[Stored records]
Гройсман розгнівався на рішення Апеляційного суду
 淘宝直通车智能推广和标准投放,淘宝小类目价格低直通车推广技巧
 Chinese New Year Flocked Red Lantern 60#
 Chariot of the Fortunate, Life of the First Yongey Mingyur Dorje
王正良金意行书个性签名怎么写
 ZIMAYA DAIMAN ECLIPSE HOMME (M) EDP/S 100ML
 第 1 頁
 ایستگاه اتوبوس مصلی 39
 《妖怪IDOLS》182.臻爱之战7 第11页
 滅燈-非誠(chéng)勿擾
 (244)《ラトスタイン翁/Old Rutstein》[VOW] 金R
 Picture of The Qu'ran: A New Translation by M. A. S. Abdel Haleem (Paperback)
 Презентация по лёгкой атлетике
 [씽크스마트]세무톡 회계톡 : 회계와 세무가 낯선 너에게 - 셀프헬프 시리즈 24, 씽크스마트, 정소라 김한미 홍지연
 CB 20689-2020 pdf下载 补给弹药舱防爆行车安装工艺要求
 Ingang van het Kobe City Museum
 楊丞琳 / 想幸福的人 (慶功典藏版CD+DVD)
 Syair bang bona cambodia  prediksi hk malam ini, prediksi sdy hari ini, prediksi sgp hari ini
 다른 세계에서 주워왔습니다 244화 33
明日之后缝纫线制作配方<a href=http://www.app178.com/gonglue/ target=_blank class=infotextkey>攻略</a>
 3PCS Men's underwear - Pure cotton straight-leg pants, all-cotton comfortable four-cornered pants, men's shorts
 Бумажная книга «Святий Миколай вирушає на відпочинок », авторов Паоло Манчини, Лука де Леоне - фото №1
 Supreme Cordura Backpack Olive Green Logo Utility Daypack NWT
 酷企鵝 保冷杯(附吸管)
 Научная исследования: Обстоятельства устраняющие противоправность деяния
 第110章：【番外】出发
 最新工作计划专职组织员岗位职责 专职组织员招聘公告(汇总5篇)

_WHAT YOU NEED TO DO_: The answer must be the lines from the one containing "滅燈-非誠(chéng)勿擾" through the last line of the records, written out exactly; please include nothing more.

_RESPONSE TO THIS EXERCISE_:
 滅燈-非誠(chéng)勿擾
 (244)《ラトスタイン翁/Old Rutstein》[VOW] 金R
 Picture of The Qu'ran: A New Translation by M. A. S. Abdel Haleem (Paperback)
 Презентация по лёгкой атлетике
 [씽크스마트]세무톡 회계톡 : 회계와 세무가 낯선 너에게 - 셀프헬프 시리즈 24, 씽크스마트, 정소라 김한미 홍지연
 CB 20689-2020 pdf下载 补给弹药舱防爆行车安装工艺要求
 Ingang van het Kobe City Museum
 楊丞琳 / 想幸福的人 (慶功典藏版CD+DVD)
 Syair bang bona cambodia  prediksi hk malam ini, prediksi sdy hari ini, prediksi sgp hari ini
 다른 세계에서 주워왔습니다 244화 33
明日之后缝纫线制作配方<a href=http://www.app178.com/gonglue/ target=_blank class=infotextkey>攻略</a>
 3PCS Men's underwear - Pure cotton straight-leg pants, all-cotton comfortable four-cornered pants, men's shorts
 Бумажная книга «Святий Миколай вирушає на відпочинок », авторов Паоло Манчини, Лука де Леоне - фото №1
 Supreme Cordura Backpack Olive Green Logo Utility Daypack NWT
 酷企鵝 保冷杯(附吸管)
 Научная исследования: Обстоятельства устраняющие противоправность деяния
 第110章：【番外】出发
 最新工作计划专职组织员岗位职责 专职组织员招聘公告(汇总5篇)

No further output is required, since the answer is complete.